I'm not saying that people like Marcie, or any of her friends, will go Democrat. (First, I say "her friends" meaning those she goes to school with. I myself have only ever met a couple, and they're fairly sharp when it comes to politics. Not fully polished yet, but that comes with time. Second, I know Marcie won't switch parties, though I can't say the same for those friends of hers I o know. I don't know them well enough, and they're not GOP. They're Independents right now.) What I am saying is that when you turn people off, especially the younger ones, you risk cutting off your nose to spite your face. Case in point, this observation from Bryan at Hot Air. Going into an election cycle, and RNC donations are down 40%, and due in no small part to the fracas splitting the party right now.
That's the legacy that awaits the next generation of voters. That's the legacy that will be left behind by President Bush, and his immediate push for amnesty. Ah, ah, ah, I don't want to hear the pro-immigration crowd going ape over this. It is amnesty. In a nutshell it is, and they know it. ANYONE who has read the fdraft, and have been keeping up with the amendments being tacked on in the Senate knows damn good and well that this is a form of amnesty. But our side is being painted in a light that's not true, is far from accurate, and the broad briush is in the hands of the president and his water bearers.
Believe it or not, Marcie and I fancy ourselves as Reagan conservatives. And in the end, Reagan granted 2.7 million illegal aliens amnesty in 1986. I disagreed with it then. Marcie didn't have much to say about it as she was about two months old at the time. (The IRCA was signed on 6 November 1986.) But she's read the history of it, and she disagreed it was wrong to do it just ont he sheer fact that it bumped everyone else trying to come here for citizenship to the back of the bus in favor of those who broke the laws to get here in the first place. Likewise, she has noted that because it was granted in 1986, it only encourgaed more illegal immigration. Now, she sees it happening again.
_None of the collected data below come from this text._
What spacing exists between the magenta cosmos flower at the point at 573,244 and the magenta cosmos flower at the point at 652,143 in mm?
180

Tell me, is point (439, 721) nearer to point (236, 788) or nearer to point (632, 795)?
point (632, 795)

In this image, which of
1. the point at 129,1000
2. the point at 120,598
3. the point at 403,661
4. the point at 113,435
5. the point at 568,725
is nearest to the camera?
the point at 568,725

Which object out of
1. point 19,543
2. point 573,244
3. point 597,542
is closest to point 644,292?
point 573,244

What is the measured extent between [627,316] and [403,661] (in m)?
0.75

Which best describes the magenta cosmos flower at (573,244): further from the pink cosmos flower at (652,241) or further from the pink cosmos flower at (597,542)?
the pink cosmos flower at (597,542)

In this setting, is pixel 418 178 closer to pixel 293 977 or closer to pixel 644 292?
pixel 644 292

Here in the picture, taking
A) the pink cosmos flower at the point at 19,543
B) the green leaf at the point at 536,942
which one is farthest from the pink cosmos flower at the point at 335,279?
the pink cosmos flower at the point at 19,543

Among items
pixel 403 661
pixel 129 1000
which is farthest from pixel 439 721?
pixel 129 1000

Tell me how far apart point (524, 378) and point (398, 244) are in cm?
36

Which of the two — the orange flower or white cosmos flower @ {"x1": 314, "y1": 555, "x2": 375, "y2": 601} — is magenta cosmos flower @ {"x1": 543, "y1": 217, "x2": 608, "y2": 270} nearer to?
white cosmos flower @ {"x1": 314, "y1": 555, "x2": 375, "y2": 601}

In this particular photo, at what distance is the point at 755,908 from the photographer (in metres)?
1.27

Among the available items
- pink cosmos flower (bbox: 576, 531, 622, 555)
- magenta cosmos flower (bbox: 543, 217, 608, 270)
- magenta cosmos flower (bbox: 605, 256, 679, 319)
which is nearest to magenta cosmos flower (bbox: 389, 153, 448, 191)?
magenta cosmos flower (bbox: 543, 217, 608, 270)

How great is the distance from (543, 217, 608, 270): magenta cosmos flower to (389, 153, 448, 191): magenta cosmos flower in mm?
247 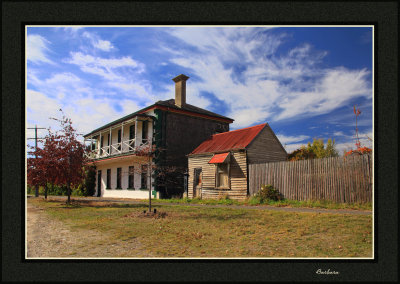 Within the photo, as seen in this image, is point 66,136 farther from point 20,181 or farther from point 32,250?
point 20,181

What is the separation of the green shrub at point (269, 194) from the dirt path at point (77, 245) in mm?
8581

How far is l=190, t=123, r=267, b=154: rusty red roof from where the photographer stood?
1547 cm

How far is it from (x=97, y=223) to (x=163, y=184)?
10.5m

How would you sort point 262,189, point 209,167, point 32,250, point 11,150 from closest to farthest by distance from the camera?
point 11,150
point 32,250
point 262,189
point 209,167

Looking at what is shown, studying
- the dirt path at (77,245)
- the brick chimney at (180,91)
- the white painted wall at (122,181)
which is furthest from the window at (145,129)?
the dirt path at (77,245)

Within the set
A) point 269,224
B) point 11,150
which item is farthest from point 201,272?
point 269,224

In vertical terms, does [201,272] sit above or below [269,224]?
above

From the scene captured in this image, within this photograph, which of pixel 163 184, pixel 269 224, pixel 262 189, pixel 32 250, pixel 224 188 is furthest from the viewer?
pixel 163 184

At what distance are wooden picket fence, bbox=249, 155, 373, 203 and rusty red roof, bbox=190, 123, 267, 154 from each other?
195 centimetres

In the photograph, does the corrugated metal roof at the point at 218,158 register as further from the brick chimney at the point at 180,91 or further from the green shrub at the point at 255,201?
the brick chimney at the point at 180,91

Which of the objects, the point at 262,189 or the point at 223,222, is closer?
the point at 223,222

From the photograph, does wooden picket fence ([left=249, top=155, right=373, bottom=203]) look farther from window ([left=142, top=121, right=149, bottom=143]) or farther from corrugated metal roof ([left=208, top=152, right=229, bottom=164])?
window ([left=142, top=121, right=149, bottom=143])

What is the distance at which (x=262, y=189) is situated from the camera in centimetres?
1305

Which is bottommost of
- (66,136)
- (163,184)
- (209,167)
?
(163,184) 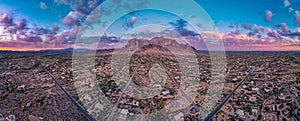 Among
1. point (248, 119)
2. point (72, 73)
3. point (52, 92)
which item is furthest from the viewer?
point (72, 73)

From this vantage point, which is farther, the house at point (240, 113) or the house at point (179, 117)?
the house at point (240, 113)

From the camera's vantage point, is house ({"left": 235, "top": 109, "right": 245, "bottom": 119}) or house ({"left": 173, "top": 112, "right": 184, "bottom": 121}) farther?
house ({"left": 235, "top": 109, "right": 245, "bottom": 119})

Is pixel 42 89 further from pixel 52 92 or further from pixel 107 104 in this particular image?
pixel 107 104

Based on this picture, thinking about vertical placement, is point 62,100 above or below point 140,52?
below

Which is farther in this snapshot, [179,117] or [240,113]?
[240,113]

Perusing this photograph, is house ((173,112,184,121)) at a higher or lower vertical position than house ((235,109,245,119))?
higher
So do I.
Only this time our concerns go to a simple, undeniable fact. In 1986, the nation was promised an increase in border enforcement and control, and comprehensive security measures to deal with the flow; eventually hoping to stem the tide. Of course, it's hardly possible to stop every single one of them that try to cross our borders. But the sheer fact remains that the goverment didn't follow through then, and they're now asking everyone in America to trust them this time. "This time we'll make it work." Marcie noted to me when this debate started that if they broke their word before, why should we trust them now, especially given the vehement opposition to certain security measures. We called for and fought for the border fence last year. Should this bill be passed, less than half of that fence will be built before "regularization" begins. A farce in it's own right because as soon as it's passed, people will be lining up for their Z Visas; a form of regularization.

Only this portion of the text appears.